For the past year, our 18 month old has gone to sleep within an hour of getting home from daycare. On the best weekdays, I have about two hours with her, and half of that is in the car. Subsequently, I feel like I have to make the most out of every moment when we’re together. I could talk about my Mom Guilt when I go grocery shopping or clean the house on weekends while daddy takes her for a walk, but for now, we’ll focus on what has been a secret source of pride for me…bedtime.
Until last month, I never missed a bedtime that I was in town.
Caroline goes to bed early, so it has been easy to do Date Night or Errand Night or Mommy-Needs-A-Facial night without feeling any guilt about being gone. Schedule any of the above after 6:15 PM, and we are good to go.

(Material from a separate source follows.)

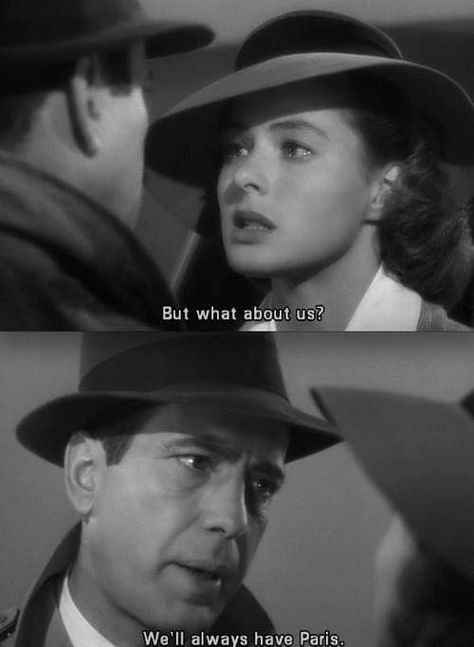 Humphrey Bogart and Ingrid Bergman in Casablanca (1942) Casablanca Quotes, Humphrey Bogart Casablanca, Old Movie Quotes, Casablanca Movie, Classic Movie Quotes, Old Movie, Black And White Movie, Old Hollywood Movies, I Love Cinema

I’ve even missed bedtimes when out of town, and neither Caroline nor I had any problems with the change in routine. In fact, the first two bedtimes I missed were when I was still nursing, and those went off without a hitch (and mommy enjoyed a full night’s sleep!).

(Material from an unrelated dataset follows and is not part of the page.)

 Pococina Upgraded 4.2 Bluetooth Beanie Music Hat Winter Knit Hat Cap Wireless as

Despite having grandparents down the street and other wonderful babysitters who have offered to do the dinner and bedtime routine, we have made being home for bedtime a priority when work and travel has allowed it. But last month, I had to miss two bedtimes in a row.
My job requires I be on call during extreme weather, and I was at work one Sunday until 9:00 PM, three hours after bedtime. The very next day was an event that I had to attend that began at 5:30 PM. And do you know what happened?
I was fine. Caroline was fine.
I wasn’t thrilled to be at work at 9:00 PM on a Sunday, and my preference for the other event would have been earlier in the day. I missed getting to snuggle during story time, and once home leaped at the chance to return a tossed wubbanub just to rub my girl’s back and give her a kiss. But I did what needed done for my job and other commitments, I had complete faith in Daddy to handle the bedtime routine, and everything was completely fine.
There is a certain measure of freedom in having been forced to release control over bedtime. Two months ago, I would have said “no” to attending an upcoming engagement party for dear friends in Northern Virginia. Now, pending finalizing a babysitter, we’re going. Two months ago, I would have been torn about attending the Richmond Moms Blog Launch Party. Now I’m looking forward to it without guilt.
Snuggling in our rocker and reading a story is still one of my favorite things to do with Caroline, and I’ll continue to make it a priority. But for the times I need to be away, I’ll know that we will both be just fine.